The Problem with Seeing Everything as War
You miss the beautiful and sublime.
I didn’t set out to make a grove of trees a spiritual signpost on Sunday. I was just trying to reach church with two kids buzzing in the back seat and a to-do list jabbing at my skull. But half a mile out, the treeline flashed orange and yellow—each branch announcing autumn’s slow dying—except for one stubborn green tree standing alone, seemingly untouched by change. It was as if the tree resisted the season, holding out against the inevitable.
Fall does this to me. Always has. That faint copper smell in the air, the quiet surrender built into every leaf. The beauty is sharper when you realize it’s a signal of nature winding down. As I drove past that riot of color, I realized something I’ve circled for months: My entire way of seeing has bent toward spiritual warfare—watching for threats like a soldier scans a battlefield, studying what’s hidden under the visible world.
Some folks act as if the world is neutral—ideas, systems, people, philosophies drifting like leaves in a stream. I don’t have that luxury anymore.
Maybe you don’t either.
I see every place, every person, every ideology as standing with Christ or against Him, like troops on opposite sides. That’s the Church Militant lens I carry, even if nobody calls it that.
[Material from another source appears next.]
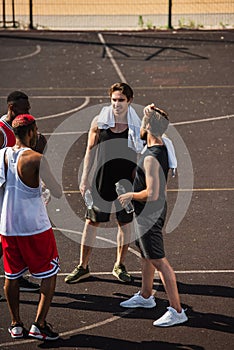 Smiling multiethnic sportsmen with water and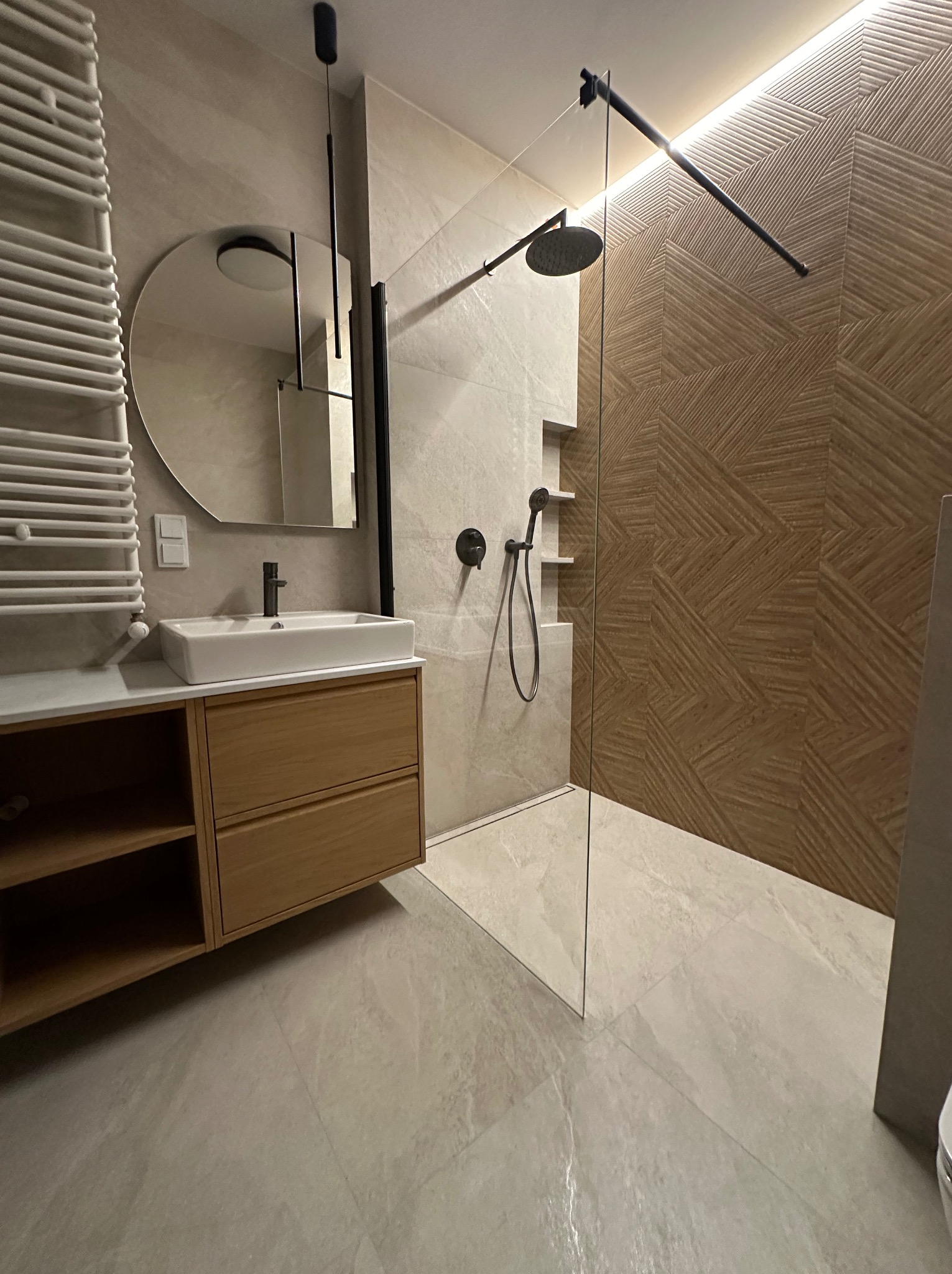 Nowoczesna łazienka z kabiną prysznicową typu walk-in, umywalką nablatową na drewnianej szafce i dekoracyjną ścianą z płytek o geometrycznym wzorze w odcieniach brązu.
But here’s the problem: If you stare at darkness too long, it feels like it stares back, consuming your attention. You start missing the simple good things because you’re always watching the treeline, expecting an ambush. Every shadow begins to look menacing, as if danger hides everywhere.
That green tree pulled me up short—a living pause in my thoughts. It was a reminder that even in a world I see as enemy territory, something refuses to give in. Beauty shows up without asking whether it’s allowed, breaking through where I least expect it.
It made me think of moments that surprise you, reminding you the world isn’t just a battlefield—it’s a place God refuses to abandon.
Like a couple in their seventies still reaching for each other’s hands by instinct, not nostalgia. Like a baby’s laugh—pure, unscripted—breaking the hardness in a room. Like two people who can’t stand each other, lowering weapons long enough to say “We don’t have to die on this hill.”
These aren’t Hallmark moments. They’re like covert missions of grace—breaking through where you least expect them.
You’ll miss them if you’re always scanning for the next attack.
That’s the tension I live in now: a world at war, but beauty still pushes through, like a green shoot in a battlefield. Every small act of mercy feels like reclaiming ground from an enemy who thought he had won it. Every bit of goodness is like planting a flag where darkness once ruled.
So yes, stay alert. Sin crouches. Lies hunt. Darkness never sleeps.
But don’t let vigilance turn you into someone who can only see the threat and never the victory. Let victory be the lens that keeps your eyes open to every sign of redemption.
Look for the good. Not because you’re naïve—but because you’re awake.
That lone green tree wasn’t just a random holdout. It was a living signpost: God leaves hints of His presence everywhere. Even on the side of the road on an ordinary Sunday, He’s leaving evidence—a quiet testimony—that He’s still at work.